I felt our direction changing from time to time but with no reference points beyond the ever-changing yet monotonous patterns of the walls, I soon lost my bearings. When a larger space finally opened out, I lifted my lantern to reveal a lofty cavern, though I couldn’t have said if it were natural or dug by hand. Sorgrad was looking for exits, the yellow candlelight throwing his features into sharp relief, the walls behind him melting into darkness.

“Which way?” ’Gren moved Aritane to his other shoulder. “This one’s not getting any lighter.”

Sorgrad looked at me. “All these seem to lead deeper into the mountain, not down the valley.”

I shrugged. “We won’t find out standing here. Better keep moving and hope to pick up some kind of crosswise tunnel.”

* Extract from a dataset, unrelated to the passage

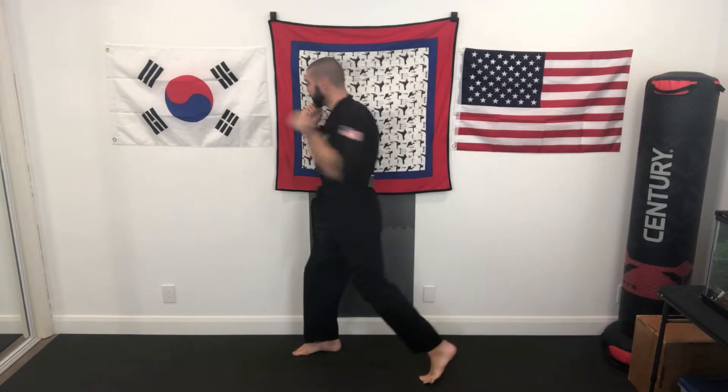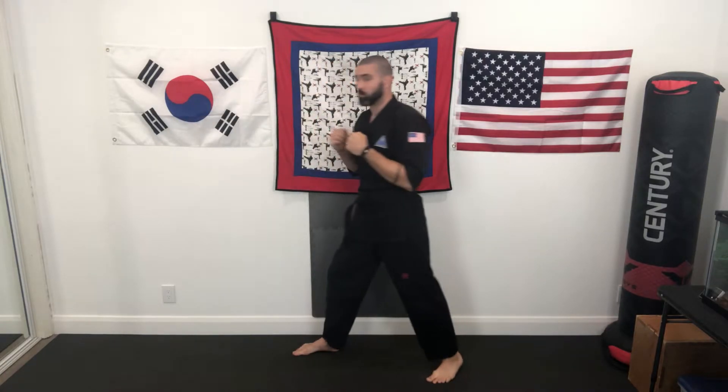My cross punch is going to correspond to my rear arm and my rear leg from fighting stance, and this is going to be a little bit more of a rotation. My shoulder is turning, my hip is turning, even my back foot is slightly pivoting as I throw this strike. Your cross is usually going to be your stronger punch.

We opted for the widest digging and I walked beside ’Gren as Sorgrad scouted ahead. “I went down to the lowlands because I never fancied being a mole,” ’Gren muttered.

“Not because you were scared of the wyrms coming out of the deeps to eat you?” I teased.

“I’d throw them this one.” He hefted Aritane to a more secure hold. “She’d choke a litter of wyrms and leave something over for their dam.”

“She’s not that big,” I objected.

“Do you want to try carrying her?” ’Gren threatened to hand over the unconscious enchantress and he wasn’t joking.

“I’ve got the lantern.” I waved it hurriedly. “Anyway, I bet she’s lighter than a sack of ore.”

Sorgrad cursed something in the Mountain tongue that had ’Gren miss a step.

“What’s the matter?” I called out to him.

“This is just an adit to get to a series of seams.” He came toward us, shaking his head in disgust. A sudden radiance flared on the metal side of his lantern and Sorgrad dropped it with an oath.

A familiar voice sounded above the clatter of dented tin. “Just look into the spell, Sorgrad!”

He picked up the lantern. The candle was dead and guttered but the warm amber light of magic shone in its stead. Usara’s face smiled at us from a swirl of sorcery.

“Hello,” I said stupidly before Sorgrad turned the spell toward himself.

“You’re using the tunnels to get past the fighting?” Usara didn’t waste time on pleasantries.

“Have you been scrying us?” Sorgrad asked suspiciously.

“Snatching the odd glimpse. You’ll have to work right down to the bridge; the whole of the lower valley is a battleground.”